Not sure what you mean.

NaN · October 19, 2022, 12:12am

The char_count fun number deviates from the wc -m count. And it matters. Calling wc works, using the char_count fun breaks thigns

jerdew · October 19, 2022, 12:16am

perhaps this is String.length’s unicode friendliness getting in your way. does &byte_size/1 in its place give the same answer as wc?

dimitarvp · October 19, 2022, 12:17am

Then try something else and not String.length(text), like:

String.codepoints(text) |> length()
String.graphemes(text) |> length()
byte_size(text)

Basically try to replicate what wc -m does.
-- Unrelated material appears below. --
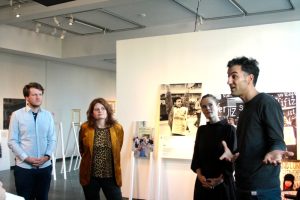 V.l.n.r.; Kevin Breß, Projektleiter, Léontine Meijer-van Mensch, Direktorin der Staatlichen Ethnographischen Sammlungen Sachsen, Anna Sabel, Özcan Karadeniz (KuratorInnen). Foto: Mimi Franz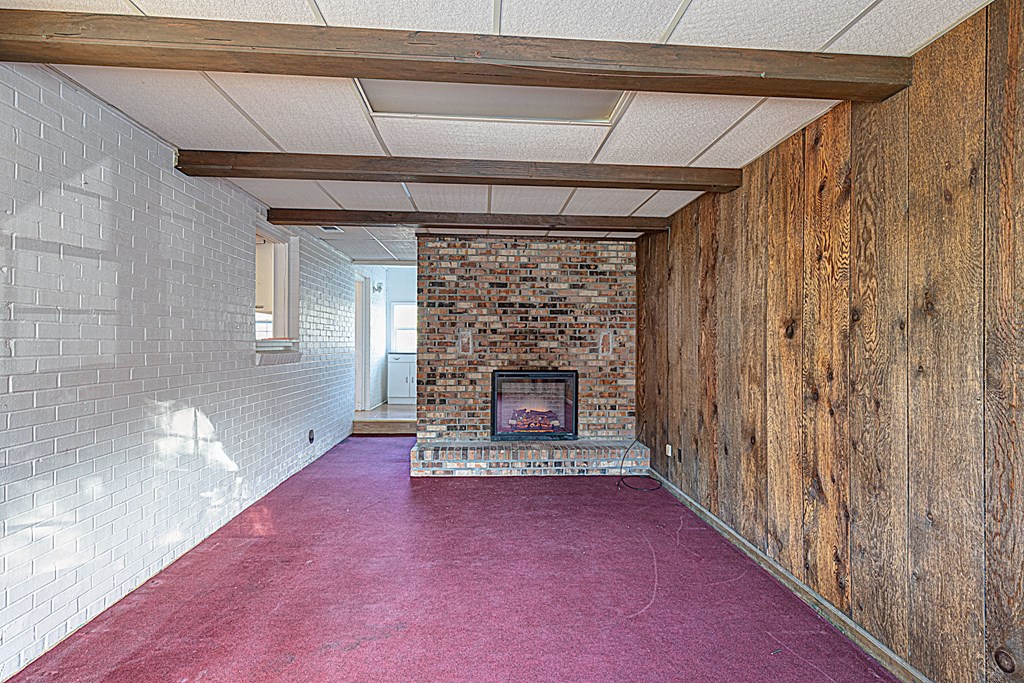 4085 Harris Road Ellerslie, GA 31807 - Photo 9 of 27 Cozy den with electric fireplace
You very likely have all the tools at your disposal already available, you have to find the right one.

NaN · October 19, 2022, 12:34am

That did not work, unfortunately

NaN · October 19, 2022, 12:35am

None of those work, unfortunately

kip · October 19, 2022, 12:40am

wc -m is dependent on the locale you have set, if the file content is other than LATIN1. Have you taken that into account?

fmn · October 19, 2022, 12:49am

Interesting, String.length() counts Unicode graphemes which map to characters almost universally. Is there a locale which causes character/glyph count change?

fmn · October 19, 2022, 12:53am

How about trying to pinpoint and share lines which are a culprit? That could help understanding what’s going on.